RECORDS FOR THE EXERCISE
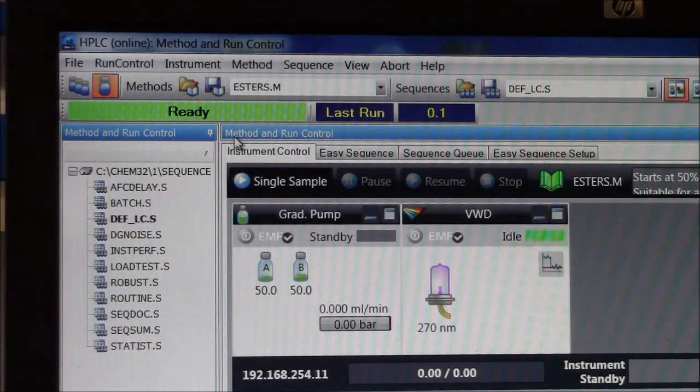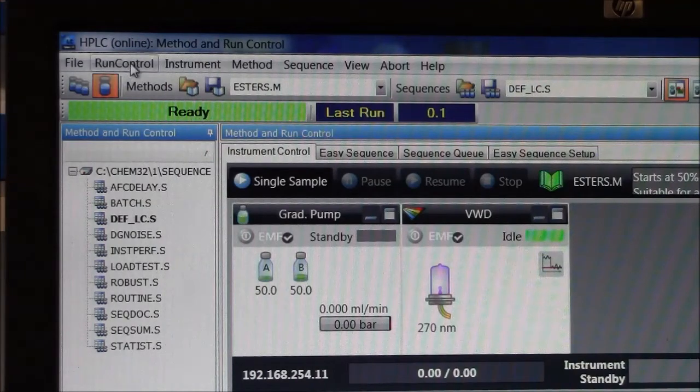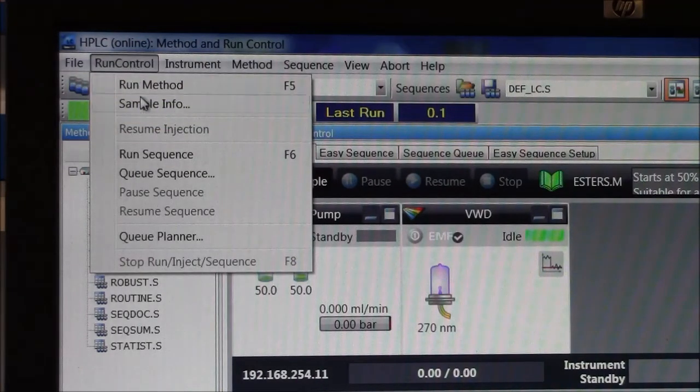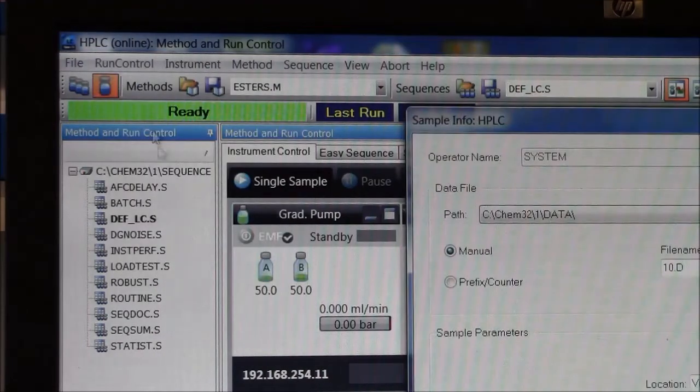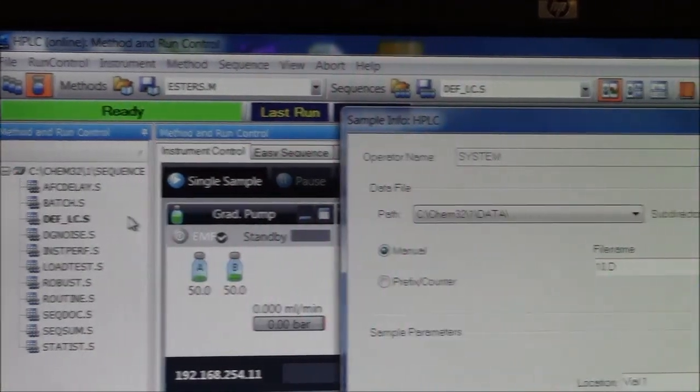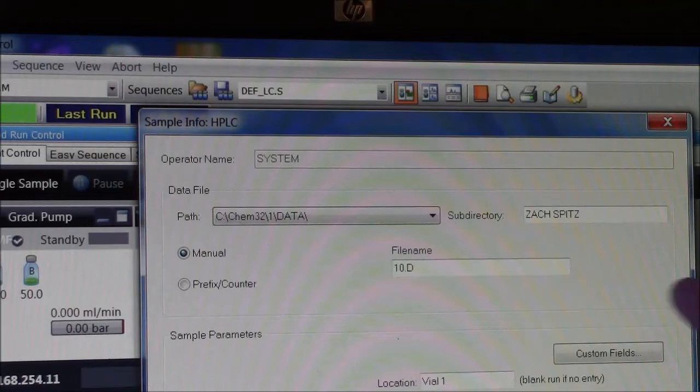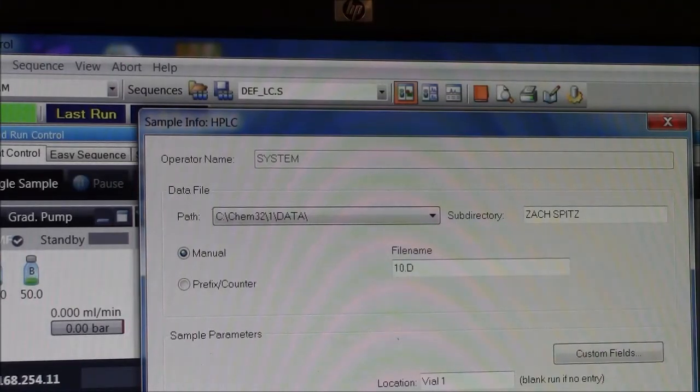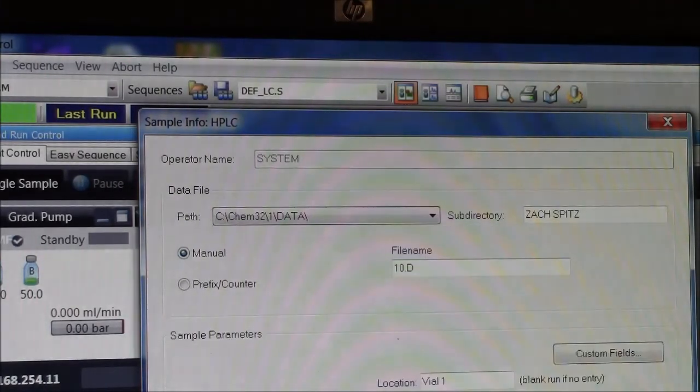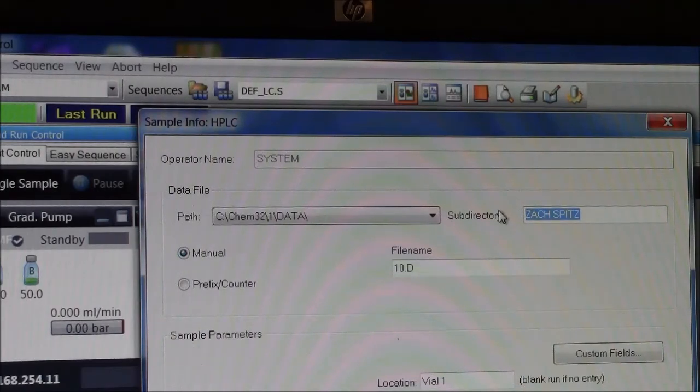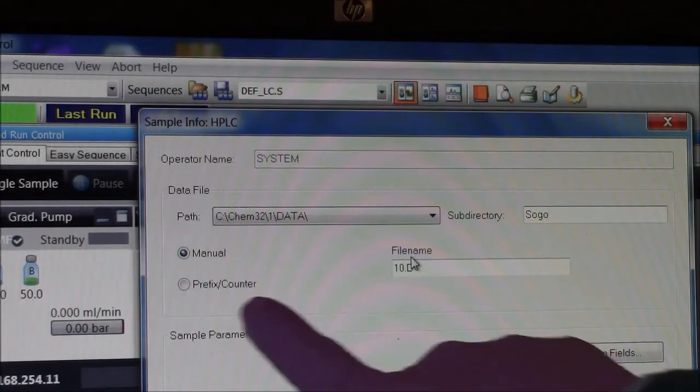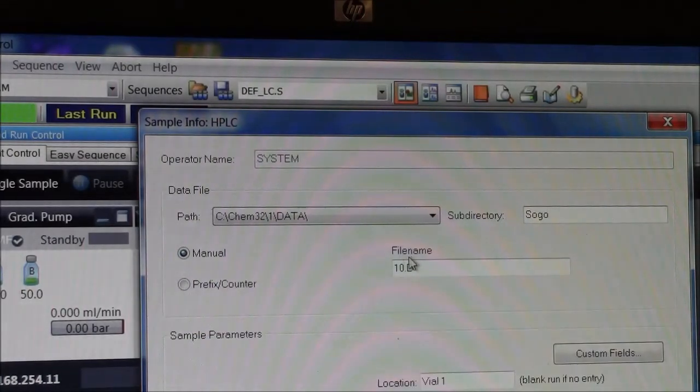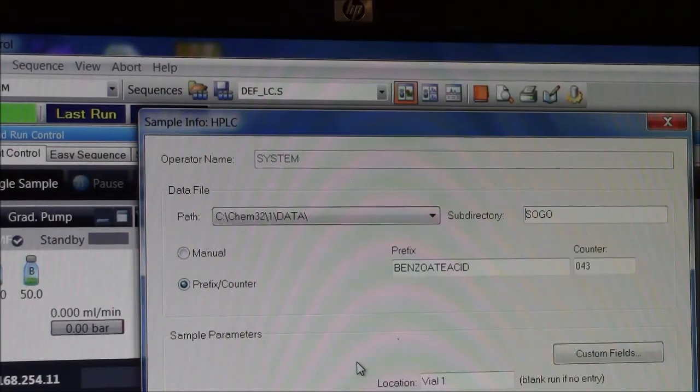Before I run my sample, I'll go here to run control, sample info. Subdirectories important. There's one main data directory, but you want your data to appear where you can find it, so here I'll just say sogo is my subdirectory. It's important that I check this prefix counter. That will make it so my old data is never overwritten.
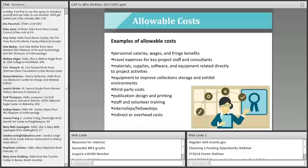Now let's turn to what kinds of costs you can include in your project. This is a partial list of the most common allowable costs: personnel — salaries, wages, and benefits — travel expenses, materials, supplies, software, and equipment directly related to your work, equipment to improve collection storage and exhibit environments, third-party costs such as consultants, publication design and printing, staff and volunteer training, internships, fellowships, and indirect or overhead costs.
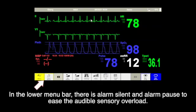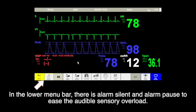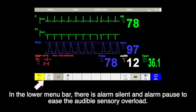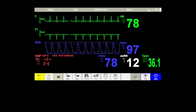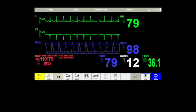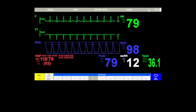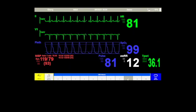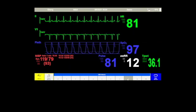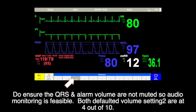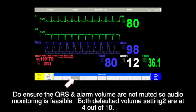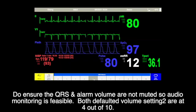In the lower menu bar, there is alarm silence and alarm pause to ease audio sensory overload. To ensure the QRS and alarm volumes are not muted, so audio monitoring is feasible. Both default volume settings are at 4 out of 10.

...

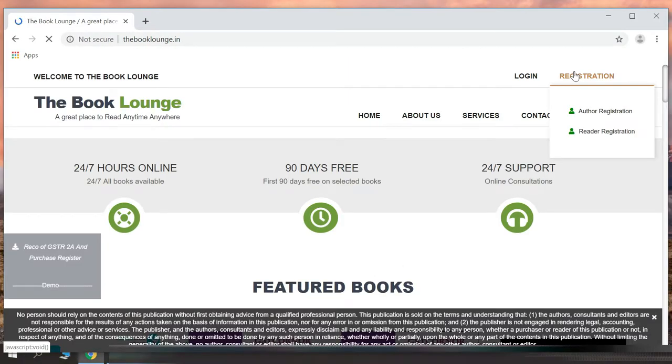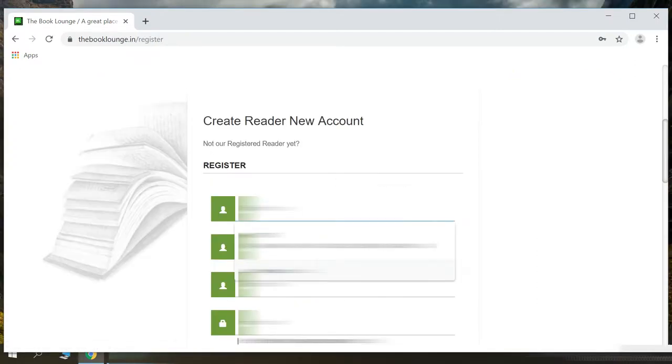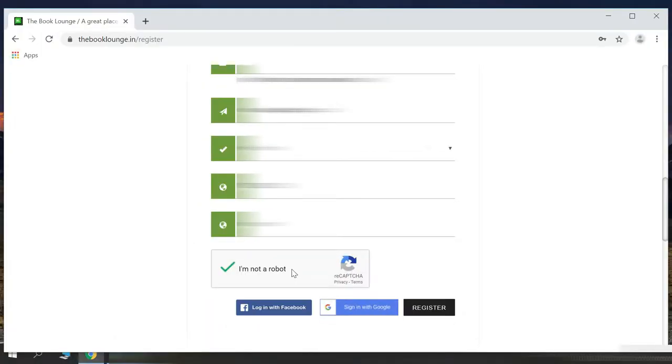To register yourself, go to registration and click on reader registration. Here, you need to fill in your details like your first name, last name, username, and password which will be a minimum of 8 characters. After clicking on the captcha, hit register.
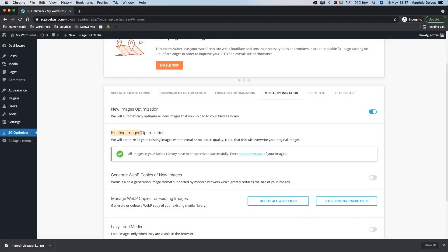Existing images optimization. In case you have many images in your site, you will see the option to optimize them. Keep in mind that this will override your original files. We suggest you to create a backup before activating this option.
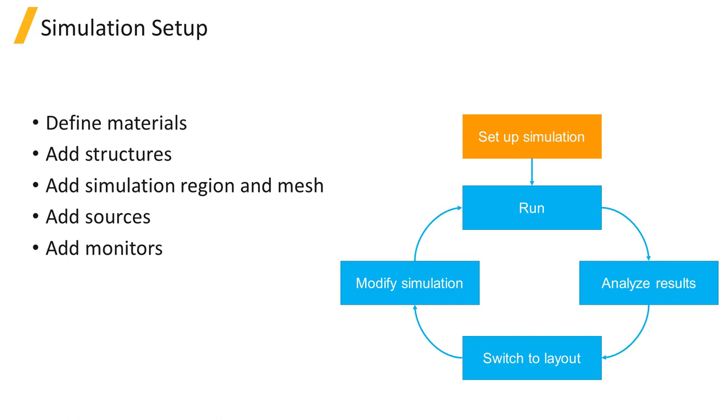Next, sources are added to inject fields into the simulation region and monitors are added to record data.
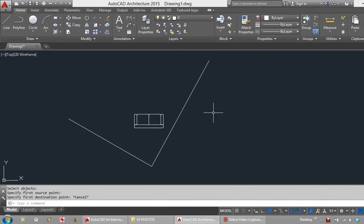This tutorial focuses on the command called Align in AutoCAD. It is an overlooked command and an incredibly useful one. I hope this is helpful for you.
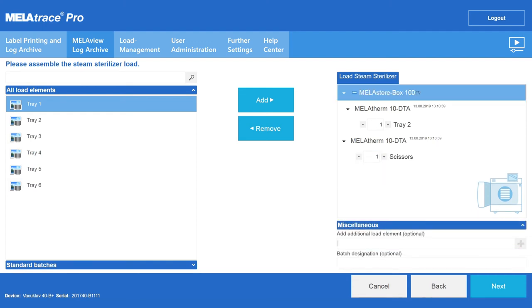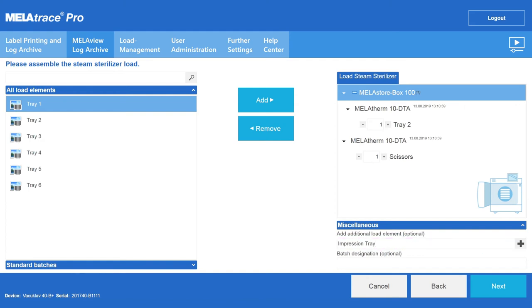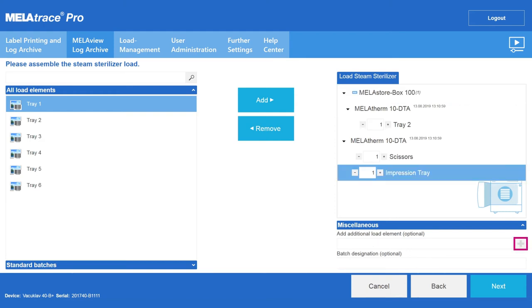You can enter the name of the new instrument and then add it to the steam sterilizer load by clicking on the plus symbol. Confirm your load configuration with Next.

PROBLEM TO SOLVE
What is needed is an exact copy of the lines above, from the one holding "This tutorial focuses" down to the one holding "You can enter", with those two included and the pictures left out.

TASK SOLUTION
This tutorial focuses on the command called Align in AutoCAD. It is an overlooked command and an incredibly useful one. I hope this is helpful for you.
You can enter the name of the new instrument and then add it to the steam sterilizer load by clicking on the plus symbol. Confirm your load configuration with Next.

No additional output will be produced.